Mycharity: water is a non-profit organization that brings clean and safe drinking water in developing nations.
An underlying technique used throughout the website to get people to ‘join the pledge ’is based on emotional appeal, in particular existential guilt. This is experienced when one is more fortunate than others, which results in feelings of empathy. For example: ‘They didn't choose to be born into a village where the only source of water is a polluted swamp. And we didn't choose to be born in a country where even the homeless have access to clean water and a toilet’. This quotation emphasises that it is by chance that we are privileged and they are not, and so the reader is persuaded to sympathise.
Emotional arousal can motivate behaviour especially if negative-arousal/ dissonance has been evoked, as the natural response is to avoid such feelings of discomfort. To counteract this discomfort a solution should be presented. In this case, a large button which states ‘give to clean water’ takes the user to a donation page, providing a ‘solution’ to the reader for the dissonance felt. The intention is that the reader is so preoccupied in getting rid of this discomfort that issues within the message may not be critically analysed.

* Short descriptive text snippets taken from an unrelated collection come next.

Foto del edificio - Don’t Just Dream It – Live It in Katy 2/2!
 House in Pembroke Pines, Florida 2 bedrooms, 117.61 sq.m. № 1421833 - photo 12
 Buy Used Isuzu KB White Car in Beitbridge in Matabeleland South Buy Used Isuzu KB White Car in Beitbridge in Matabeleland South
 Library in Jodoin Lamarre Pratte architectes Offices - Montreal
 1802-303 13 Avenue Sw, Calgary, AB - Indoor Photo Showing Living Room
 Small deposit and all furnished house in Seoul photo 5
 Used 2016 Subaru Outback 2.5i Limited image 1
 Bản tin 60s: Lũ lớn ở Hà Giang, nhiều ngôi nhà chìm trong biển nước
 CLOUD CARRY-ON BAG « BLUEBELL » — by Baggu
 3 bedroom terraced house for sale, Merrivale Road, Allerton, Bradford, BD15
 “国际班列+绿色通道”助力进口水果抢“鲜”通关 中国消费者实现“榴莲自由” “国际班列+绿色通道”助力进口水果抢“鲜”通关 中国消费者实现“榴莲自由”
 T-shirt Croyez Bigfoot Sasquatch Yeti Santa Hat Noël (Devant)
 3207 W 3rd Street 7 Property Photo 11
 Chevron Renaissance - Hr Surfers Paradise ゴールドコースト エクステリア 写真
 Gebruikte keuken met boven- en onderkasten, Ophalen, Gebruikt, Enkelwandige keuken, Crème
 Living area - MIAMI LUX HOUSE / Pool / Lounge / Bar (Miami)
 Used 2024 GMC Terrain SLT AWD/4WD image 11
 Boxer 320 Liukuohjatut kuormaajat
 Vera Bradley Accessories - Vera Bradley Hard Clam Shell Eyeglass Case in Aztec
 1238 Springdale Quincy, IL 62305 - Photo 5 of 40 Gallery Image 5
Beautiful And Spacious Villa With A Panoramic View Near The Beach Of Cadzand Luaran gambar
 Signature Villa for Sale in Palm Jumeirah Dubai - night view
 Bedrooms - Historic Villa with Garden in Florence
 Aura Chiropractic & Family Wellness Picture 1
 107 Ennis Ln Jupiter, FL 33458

Griffin, Babin, Attaway, & Darden (1993) presented participants with a charity appeal about a man who lost his vision and was unable to pay off an accumulated sum of $250,000 in medical bills due to his inability to work. The appeal asked for donations to assist his medical bills and living expenses. Participants who rated feelings of empathy stronger than distress were more likely to give donations. It appears feelings of empathy compared to feeling of distress are more effective in creating intentions to make a charitable donation.
Griffin, M., Babin, B. J., Attaway, J. S., &. Darden W. R. (1993) . Hey You, Can Ya Spare Some Change? the Case of Empathy and Personal Distress As Reactions to Charitable Appeals. Advances in Consumer Research, 20,(1), 508-514.
Lewis, M. (1993). The emergence of human emotions. In M. Lewis & J. M. Haviland (Eds.), Handbook of emotions (pp.223-235). New York: Guildford Press.